TotalEnergies SE is not a strong buy at the moment for a beginner investor with a long-term focus. While the stock has positive momentum and bullish technical indicators, the company's recent financial performance shows declining revenue, net income, and EPS. Additionally, geopolitical risks and sustainability concerns add uncertainty. The absence of strong trading signals from Intellectia Proprietary Trading Signals and mixed analyst ratings further support a hold recommendation.
The stock is showing bullish momentum with MACD above 0 and positively contracting, RSI at 80.465 indicating overbought conditions, and bullish moving averages (SMA_5 > SMA_20 > SMA_200). The stock is trading near its R1 resistance level of 90.521, with the next resistance at 92.706.

Rising oil prices due to geopolitical tensions in the Middle East.
Analysts from TD Cowen and JPMorgan have upgraded the stock and highlighted strong production growth and free cash flow.
Bullish technical indicators suggesting upward momentum.
15% of production offline due to the Iran conflict.
Revised climate goals and inability to achieve carbon neutrality by 2050, which may affect investor confidence.

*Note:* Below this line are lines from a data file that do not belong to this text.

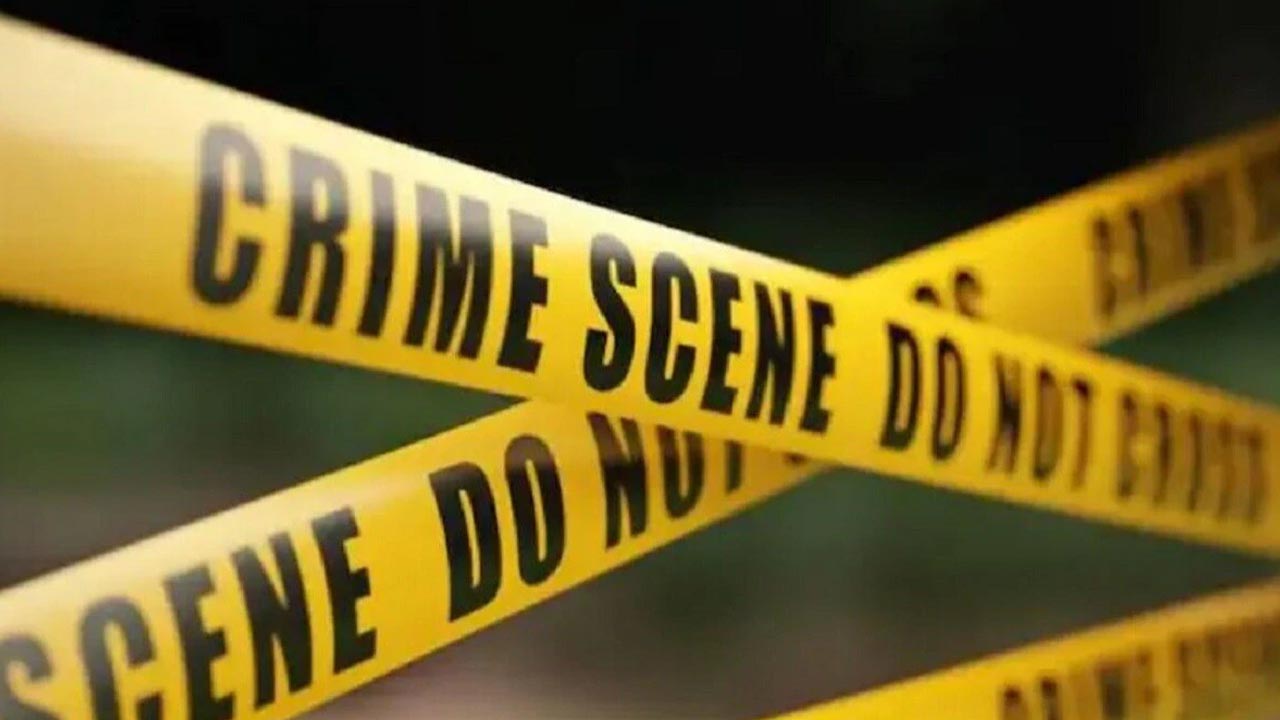 Crime News: యువతిని కిడ్నాప్ చేసి వేళ్లు, గొంతు కోసి హత్య..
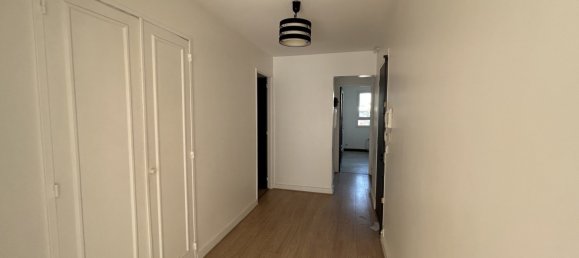 3 bedrooms Apartment in Paris, France No. 114245 5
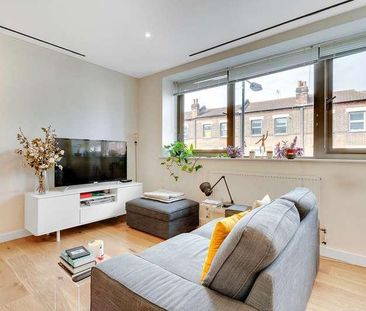 St Paul's Road, Islington, London, N1 - Photo 3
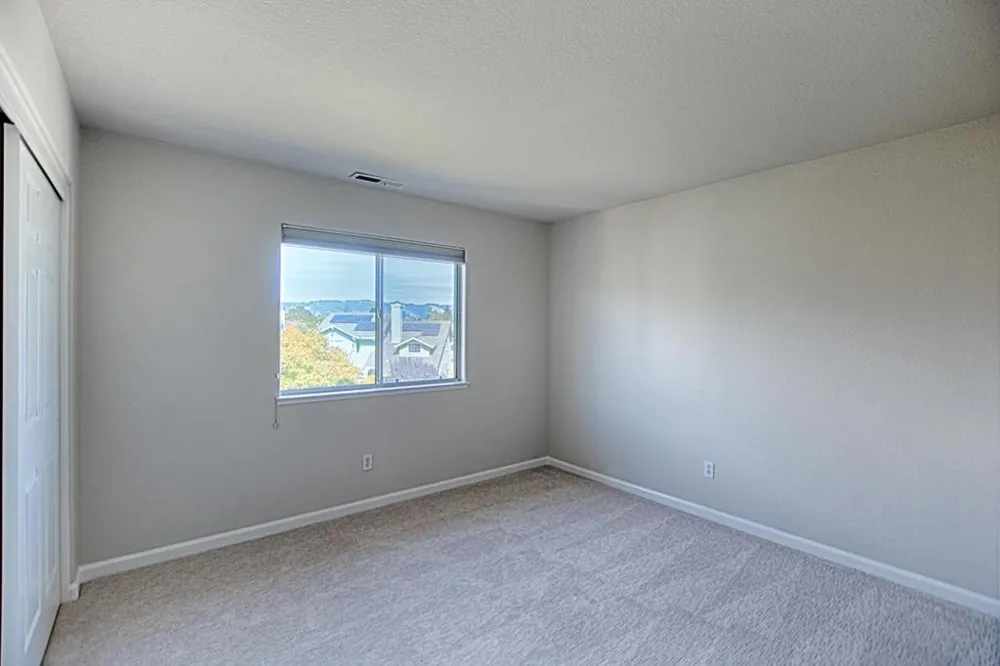 73 Firethorne Way Watsonville, CA 95076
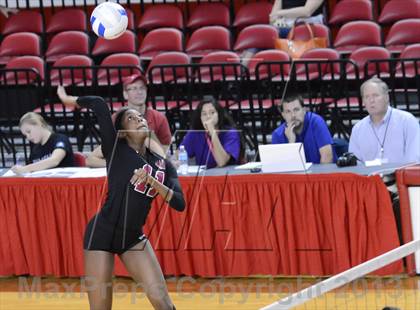 Thumbnail 2 in Hough vs. Wakefield (NCHSAA 4A Final) photogallery.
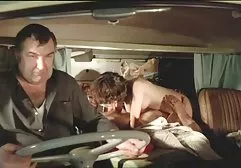 红头发的宝贝在公共场所工作用香蕉自慰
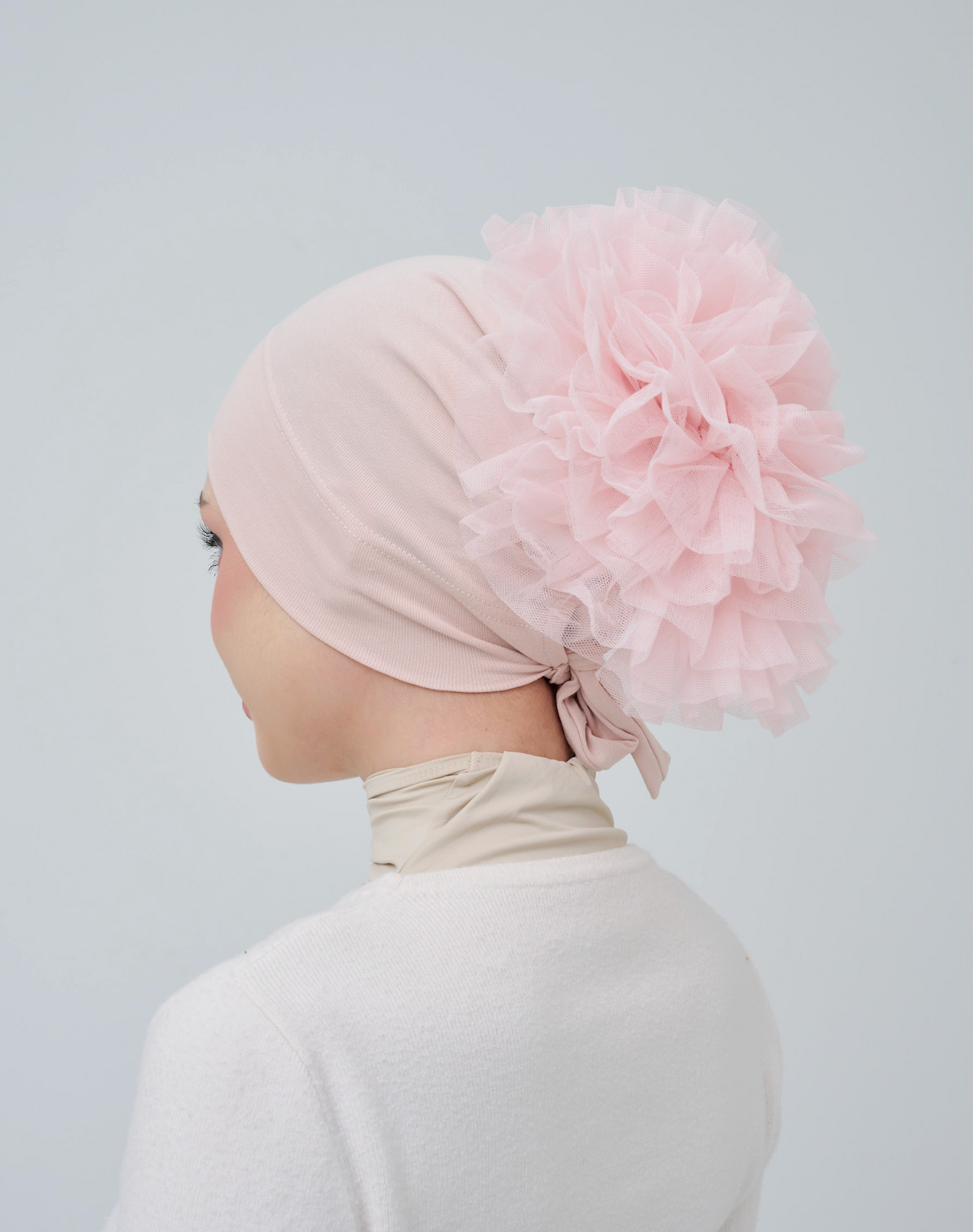 Fluffknot in Pale Pink | Guzel KL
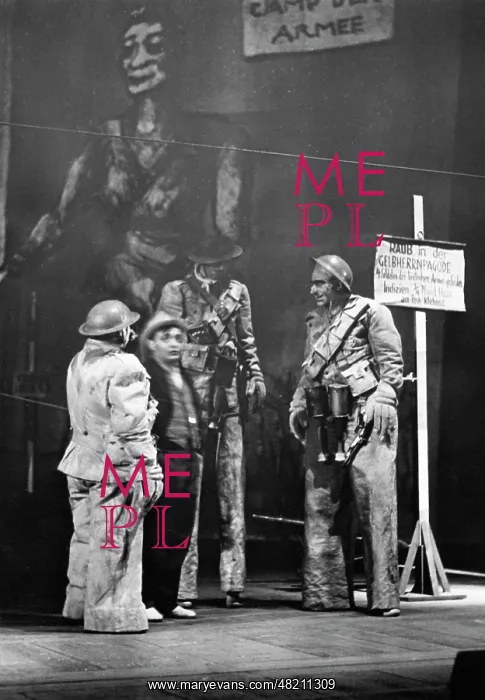 : Bert Brecht : Bert Brecht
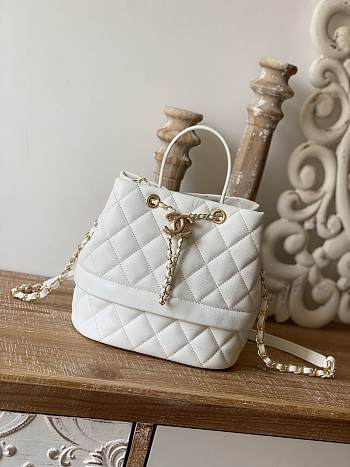 Chanel Bucket Bag White Size 20 cm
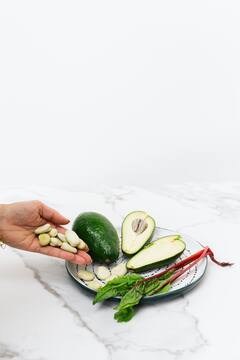 Avocado: கெட்ட கொழுப்பைக் குறைக்கணுமா? அவகேடோ என்னும் வெண்ணெய் பழத்தை இப்படித்தான் யூஸ் பண்ணனும்..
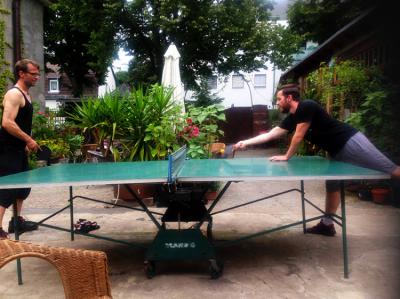 ¡Competición de ping pong! Image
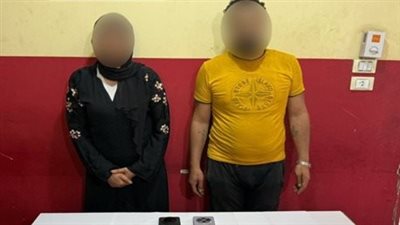 ضبط احدى السيدات بسرقة مصوغات ذهبية من داخل أحد المحال بالجيزة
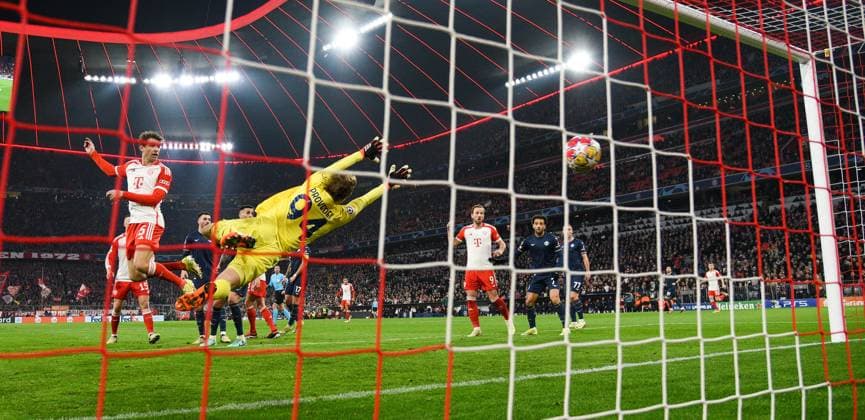 Sport Bilder des Tages 05.03.2024, xemx, Fussball UEFA Champions League 1 8 Finale, FC Bayern Muenchen - Lazio Rom emspor, v.l. Thomas Mueller(FC Bayern Muenchen) Goal scored, erziehlt das Tor zum 2:0 (DFL DFB REGULATIONS PROHIBIT ANY USE OF PHOTOGRAPHS as IMAGE SEQUENCES and or QUASI-VIDEO) Muenchen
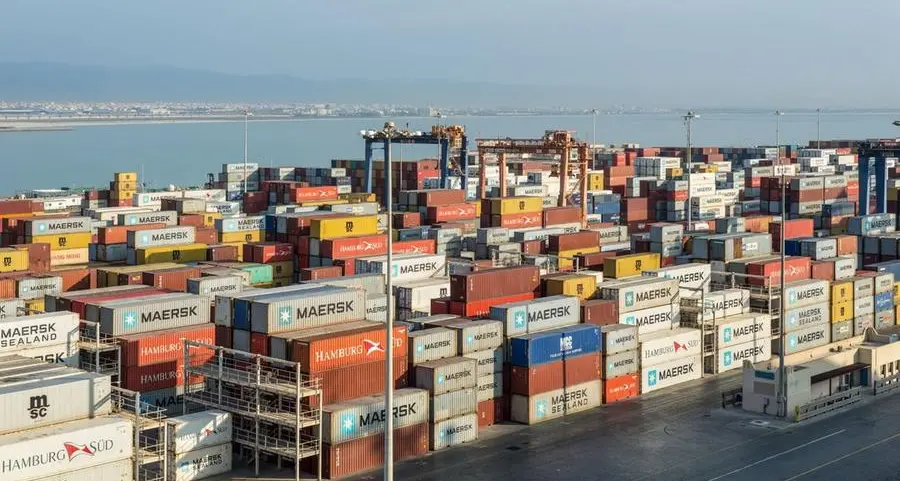 Ports in Oman see growth in handling containers
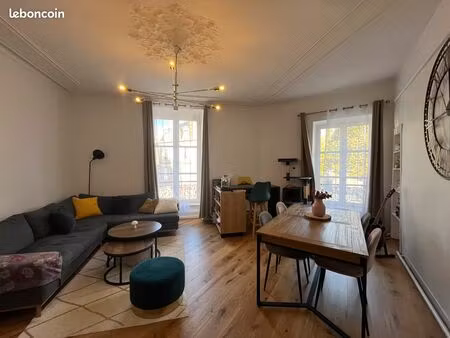 appartement t3 rénové – 82 77 m² – centre ville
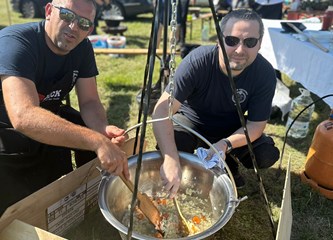 FOTO "Kotlić u Čiču" uspješno okupio mještane, a najbolji su spremili "Fini dečki"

Declining financial performance in Q4 2025, with revenue, net income, and EPS all showing significant YoY drops.
In Q4 2025, TotalEnergies reported a revenue decline of -2.53% YoY to $45.93B, net income dropped -27.29% YoY to $2.82B, EPS decreased -23.53% YoY to 1.3, and gross margin fell -7.98% to 27.46%.
Analysts have mixed views. Recent upgrades from TD Cowen, JPMorgan, and BofA highlight strong production growth and oil leverage, while HSBC and Piper Sandler maintain neutral ratings. Price targets range from EUR 62 to $97, reflecting both optimism and caution.